> MATERIAL FOR THE TASK:
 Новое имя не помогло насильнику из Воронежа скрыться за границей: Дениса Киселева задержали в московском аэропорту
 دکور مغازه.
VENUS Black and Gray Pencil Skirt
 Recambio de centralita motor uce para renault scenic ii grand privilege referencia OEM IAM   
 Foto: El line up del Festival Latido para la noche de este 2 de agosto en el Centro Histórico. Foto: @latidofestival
* * *
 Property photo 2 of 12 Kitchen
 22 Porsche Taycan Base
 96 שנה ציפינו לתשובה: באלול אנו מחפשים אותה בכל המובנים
* * *
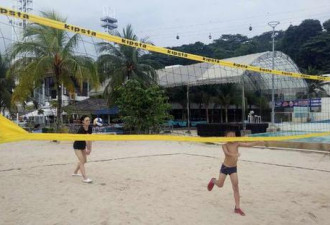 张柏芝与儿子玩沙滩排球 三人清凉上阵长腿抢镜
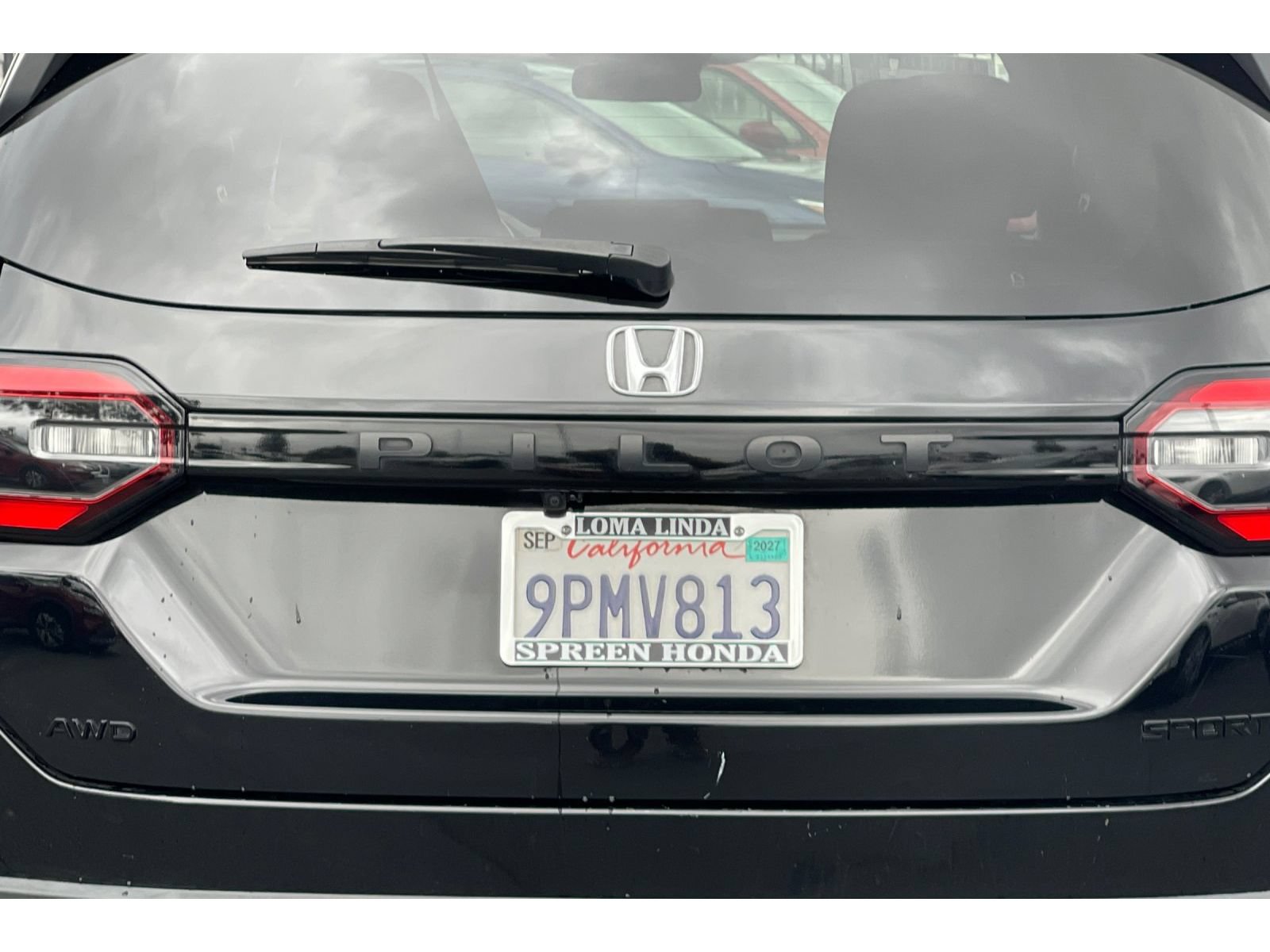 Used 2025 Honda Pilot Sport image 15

> TASK GOAL:
Retype, in the same exact form, the lines of the material above from the line holding "Новое имя не" through the line holding "Foto: El line".

> RESULT:
 Новое имя не помогло насильнику из Воронежа скрыться за границей: Дениса Киселева задержали в московском аэропорту
 دکور مغازه.
VENUS Black and Gray Pencil Skirt
 Recambio de centralita motor uce para renault scenic ii grand privilege referencia OEM IAM   
 Foto: El line up del Festival Latido para la noche de este 2 de agosto en el Centro Histórico. Foto: @latidofestival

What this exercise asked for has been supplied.